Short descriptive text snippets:
[Start of Attachment]
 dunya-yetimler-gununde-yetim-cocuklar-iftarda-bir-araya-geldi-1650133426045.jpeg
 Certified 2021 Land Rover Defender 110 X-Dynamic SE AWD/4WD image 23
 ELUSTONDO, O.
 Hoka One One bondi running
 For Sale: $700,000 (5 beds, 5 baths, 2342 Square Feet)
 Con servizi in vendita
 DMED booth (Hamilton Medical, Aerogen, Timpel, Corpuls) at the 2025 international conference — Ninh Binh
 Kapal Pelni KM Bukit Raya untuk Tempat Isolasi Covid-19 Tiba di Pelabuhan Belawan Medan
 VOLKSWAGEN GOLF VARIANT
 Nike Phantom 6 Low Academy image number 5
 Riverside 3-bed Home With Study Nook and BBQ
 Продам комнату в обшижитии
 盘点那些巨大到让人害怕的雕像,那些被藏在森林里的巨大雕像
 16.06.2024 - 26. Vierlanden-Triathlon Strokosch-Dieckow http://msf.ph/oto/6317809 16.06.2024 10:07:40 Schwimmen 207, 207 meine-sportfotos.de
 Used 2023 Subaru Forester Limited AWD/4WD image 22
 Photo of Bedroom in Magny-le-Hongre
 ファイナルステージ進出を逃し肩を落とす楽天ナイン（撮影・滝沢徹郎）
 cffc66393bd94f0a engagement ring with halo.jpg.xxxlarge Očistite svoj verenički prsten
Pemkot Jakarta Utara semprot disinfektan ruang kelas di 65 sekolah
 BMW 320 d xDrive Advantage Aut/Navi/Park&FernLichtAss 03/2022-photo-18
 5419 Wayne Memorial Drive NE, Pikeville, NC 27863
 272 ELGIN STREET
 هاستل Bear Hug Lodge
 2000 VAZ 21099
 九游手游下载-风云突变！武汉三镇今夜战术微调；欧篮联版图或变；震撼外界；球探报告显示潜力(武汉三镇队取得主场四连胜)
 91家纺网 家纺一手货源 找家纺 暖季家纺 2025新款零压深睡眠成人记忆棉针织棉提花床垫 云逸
[End of Attachment]
Required action - Please reproduce, exactly as written, the lines of the records from the first line through the one containing "Kapal Pelni KM".

Task response -
 dunya-yetimler-gununde-yetim-cocuklar-iftarda-bir-araya-geldi-1650133426045.jpeg
 Certified 2021 Land Rover Defender 110 X-Dynamic SE AWD/4WD image 23
 ELUSTONDO, O.
 Hoka One One bondi running
 For Sale: $700,000 (5 beds, 5 baths, 2342 Square Feet)
 Con servizi in vendita
 DMED booth (Hamilton Medical, Aerogen, Timpel, Corpuls) at the 2025 international conference — Ninh Binh
 Kapal Pelni KM Bukit Raya untuk Tempat Isolasi Covid-19 Tiba di Pelabuhan Belawan Medan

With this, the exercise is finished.